(WORK ORDER) When you copy the data that follows, reproduce every word exactly and leave out the images.

(DATA EXTRACT)
BEGIN

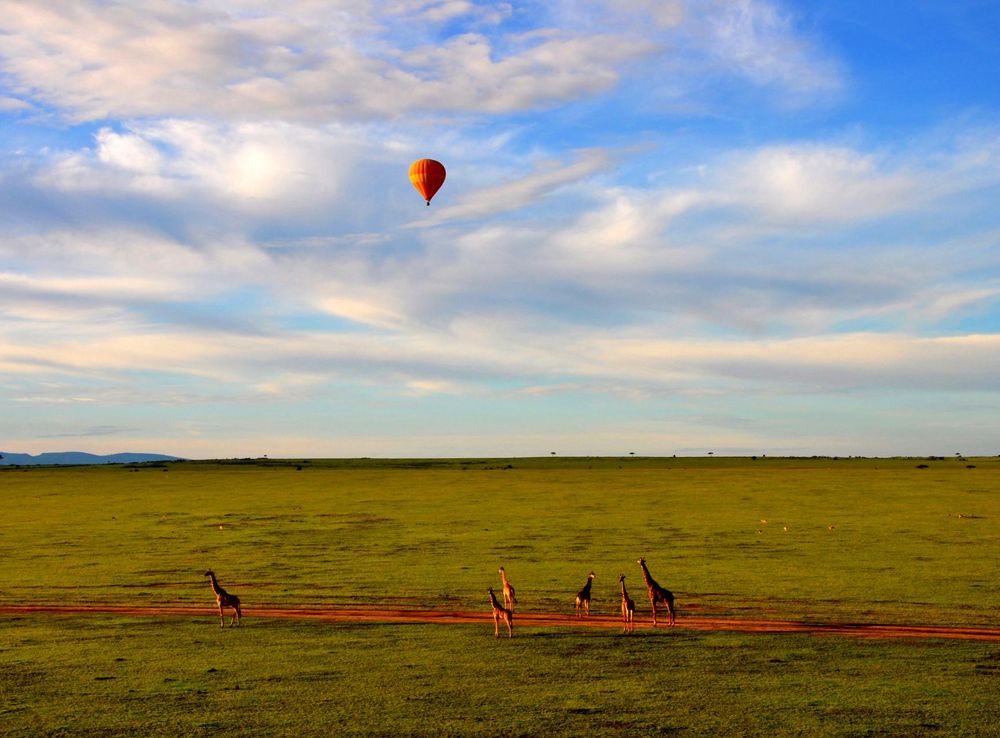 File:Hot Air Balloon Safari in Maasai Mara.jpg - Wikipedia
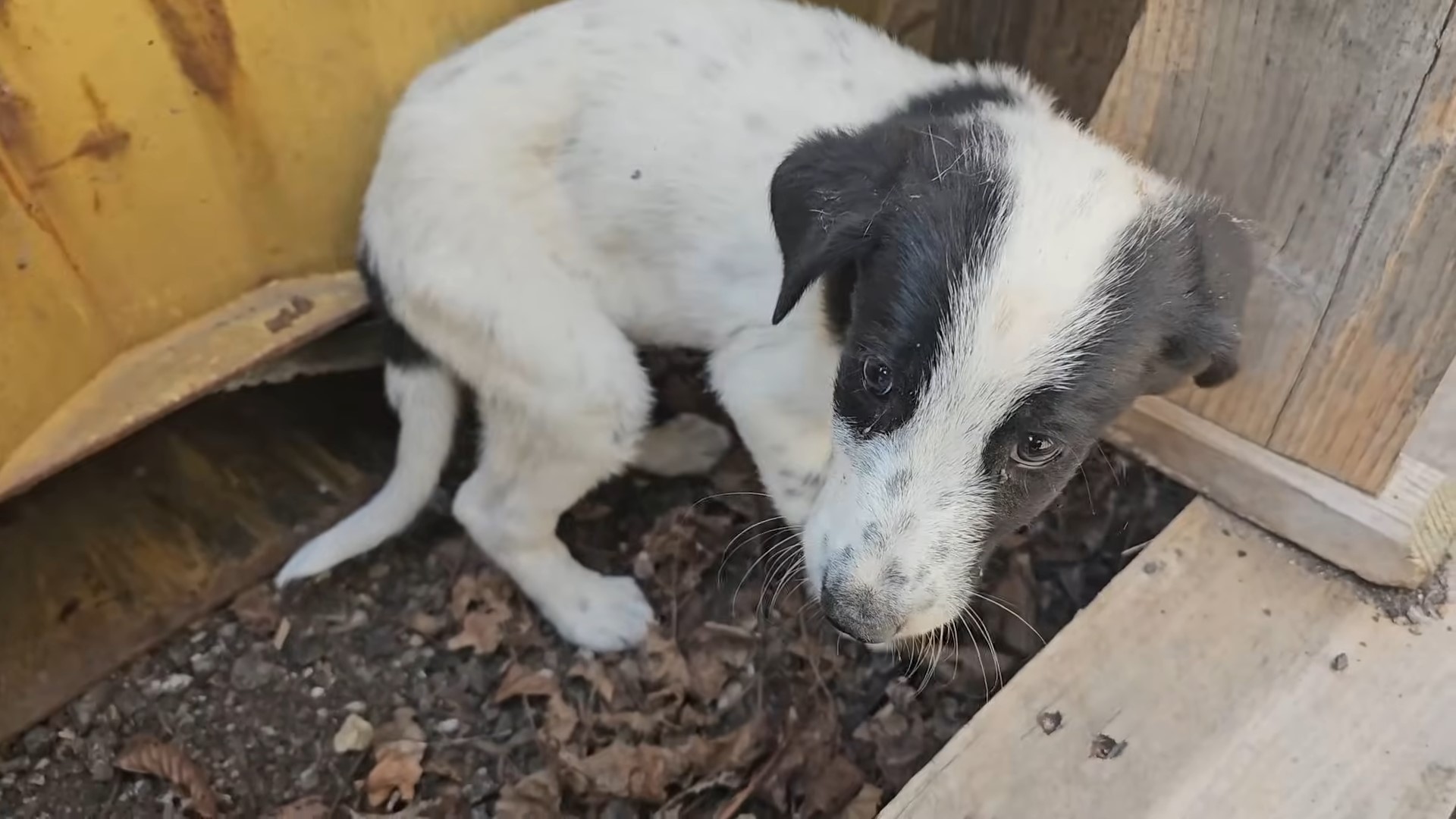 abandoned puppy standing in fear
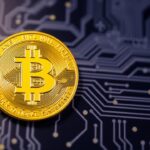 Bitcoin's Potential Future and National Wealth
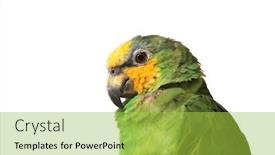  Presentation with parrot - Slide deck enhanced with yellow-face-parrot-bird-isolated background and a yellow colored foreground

END

(WRITTEN REPLY)
 File:Hot Air Balloon Safari in Maasai Mara.jpg - Wikipedia
 abandoned puppy standing in fear
 Bitcoin's Potential Future and National Wealth
  Presentation with parrot - Slide deck enhanced with yellow-face-parrot-bird-isolated background and a yellow colored foreground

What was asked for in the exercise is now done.